I was going to add that there seems quite a clear analogy between sexual offences and terrorist offences, save that the evidence for extended sentences in terrorism offences may be much clearer than in sexual offences. When a judge is sentencing someone for a sexual offence, he will often have a clear apprehension drawn, for example, from the probation officer’s pre-sentence report and from the evidence in the case that the person concerned, usually male, represents a serious risk to children for an unknown period. The person is then sent to prison and courses are offered which they may or may not follow. The judge will often have an indication at the time of sentence as to the likely willingness of the individual to follow such a course, and that may influence the judge’s decision on whether to impose an extended sentence, usually for the protection of children.

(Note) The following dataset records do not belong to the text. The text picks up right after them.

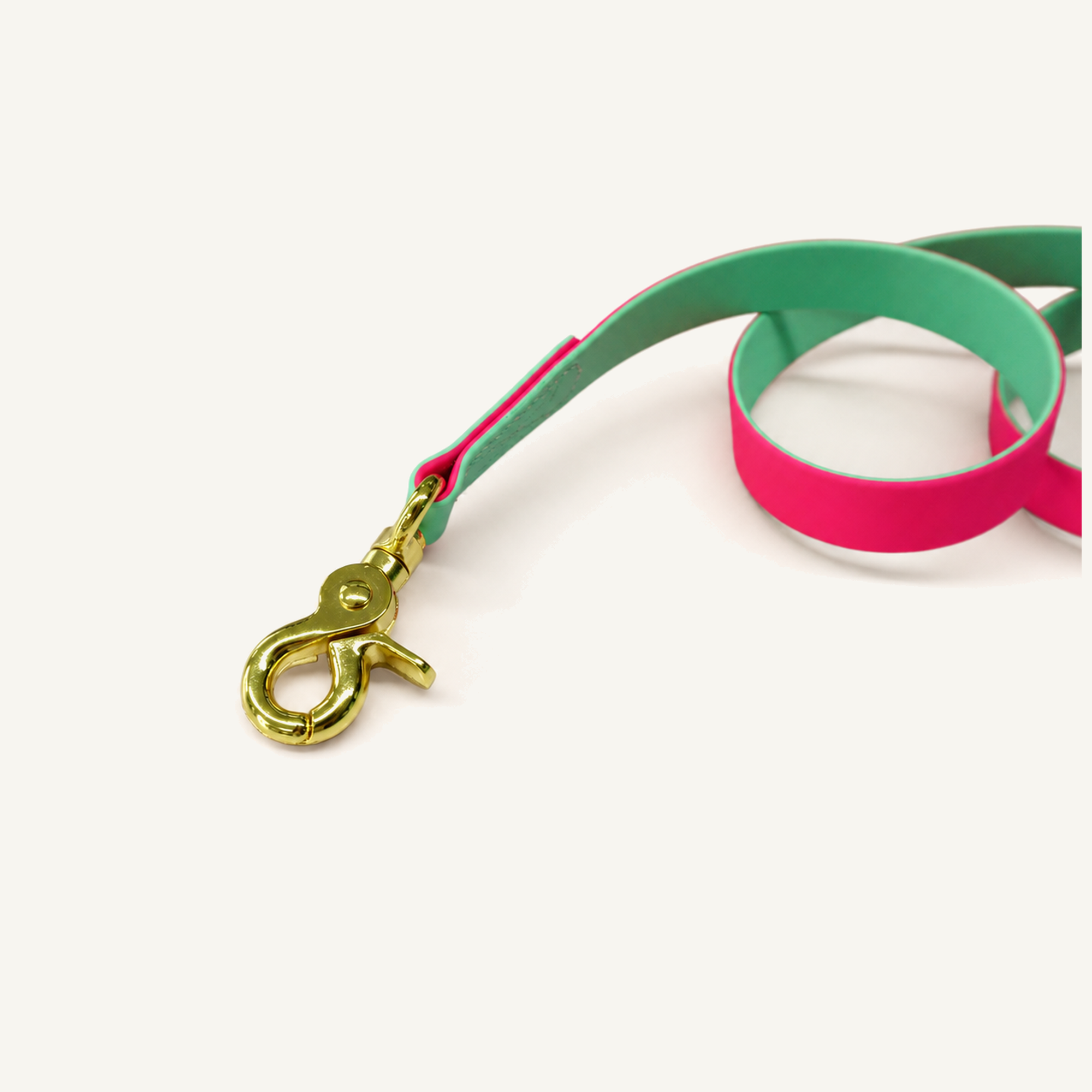 Two-Tone PVC-Coated Dog Leash with Gold-Tone Hardware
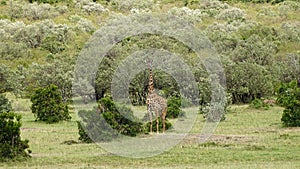 Giraffe in the Wild, Africa, Kenya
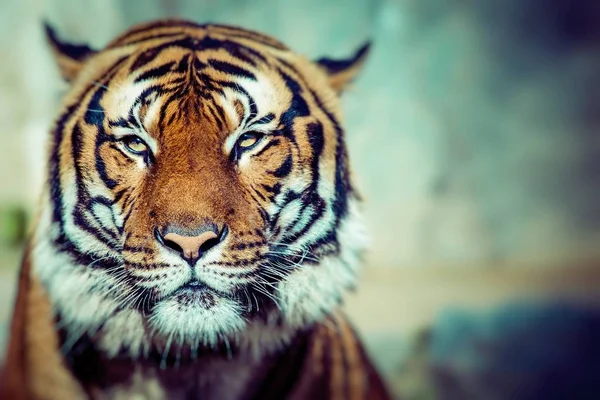 Close-up of a Tigers face. — Stock Photo, Image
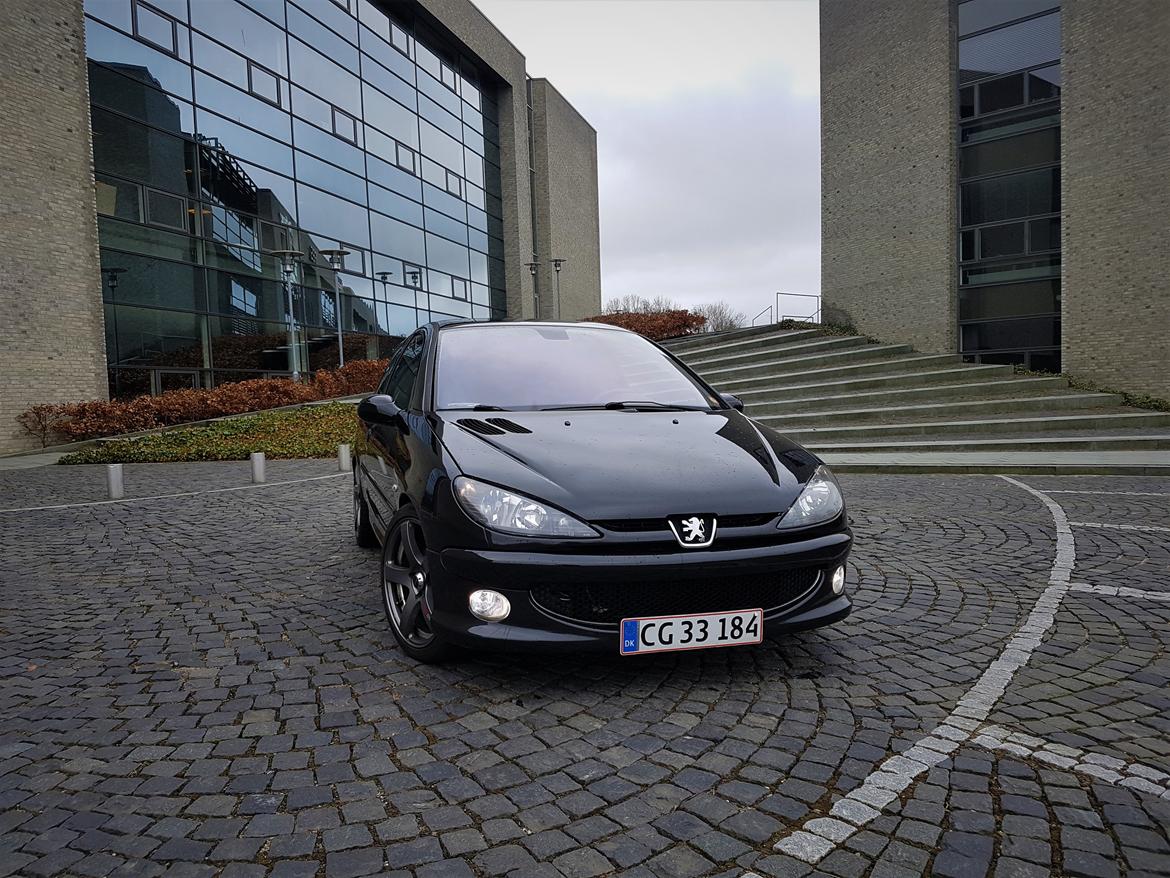 Peugeot 206 S16 Griffe  billede 13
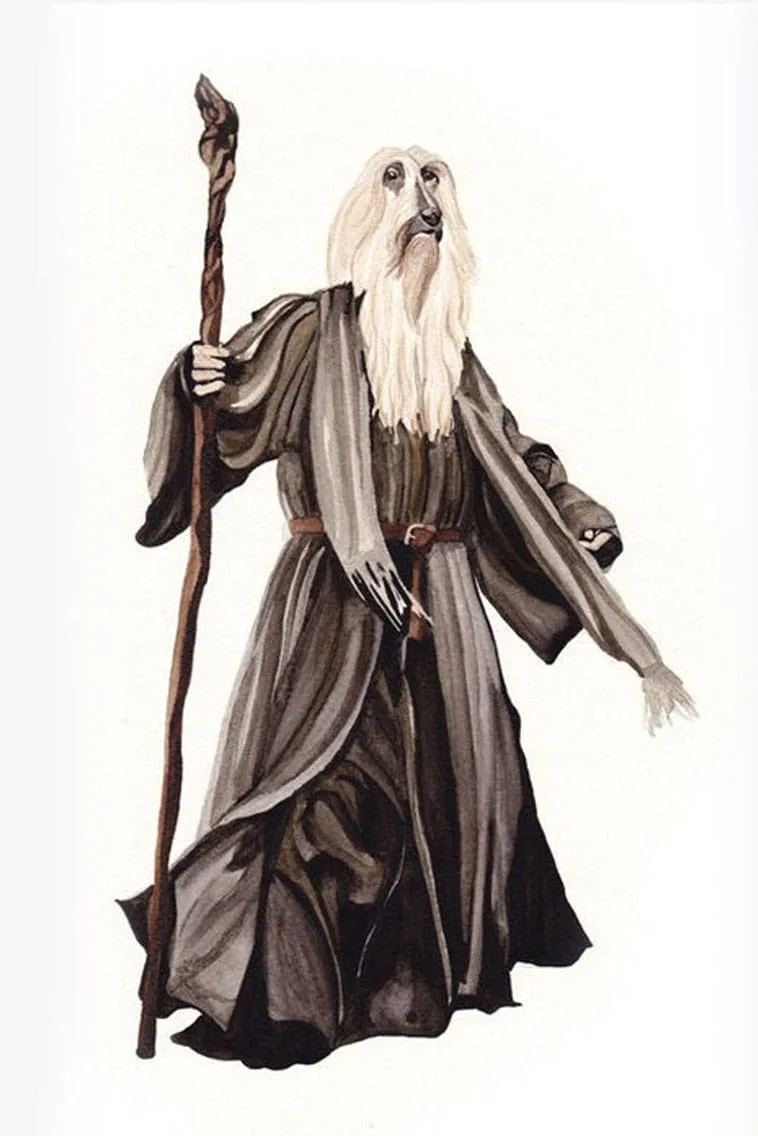 Dressedfur Cat LOTR geek edition - Gandalf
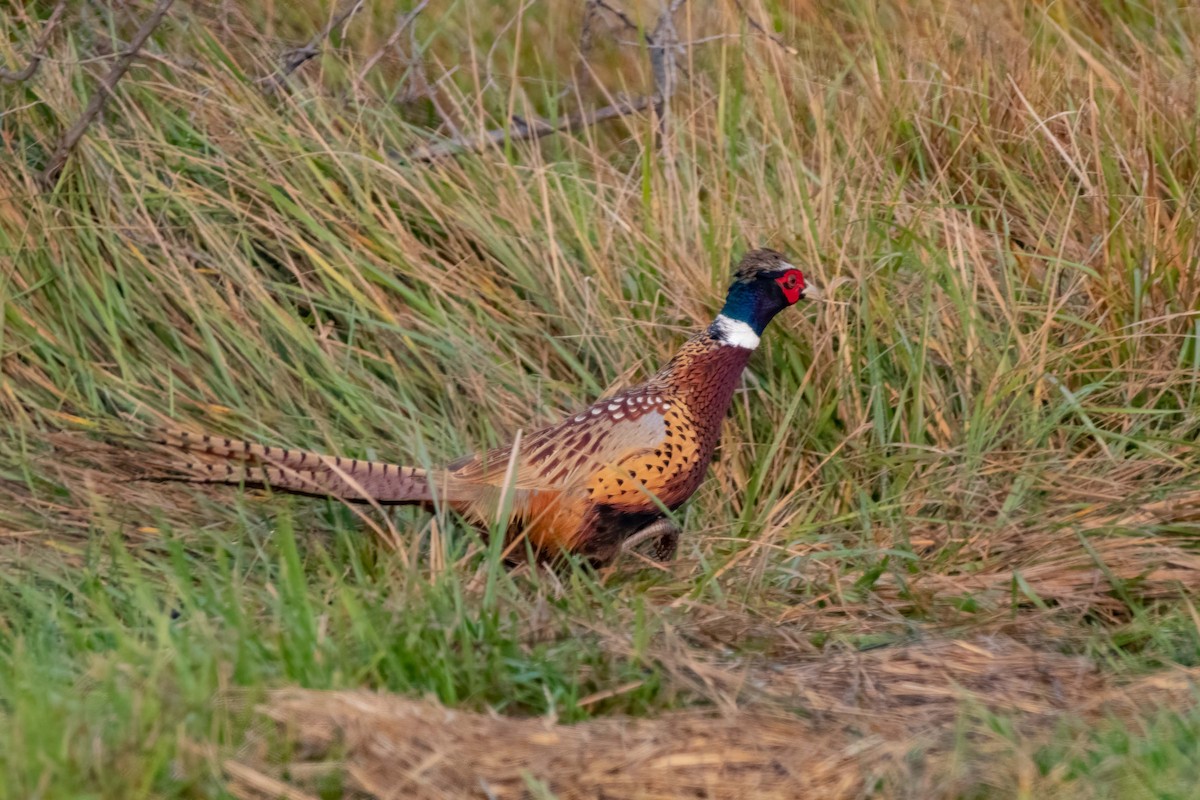 Ring-necked Pheasant - Ron Riley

A terrorism case may come before a court to defend someone like—he is not unique—Anjem Choudary. He has a clear intention, depicted on numerous occasions, to ignore those who criticise what he has been doing and to continue to attempt, in the subtle way that he follows, to radicalise others. There are other cases of a similar kind, but it is not very difficult for the judge to form the conclusion that the person is someone from whom the public needs to be protected by the special measure of an extended sentence. That is not only empirically defensible but meets public concern, which is reflected in the attempt to modernise these provisions in these clauses.

I urge noble Lords to support the spirit behind these clauses and to support the clauses in the knowledge that judges have never been lavish in their passing of extended sentences. In my experience and observation, when it happens it is usually done with great care and much concern by the judges, who start from an impartial standpoint before passing sentence.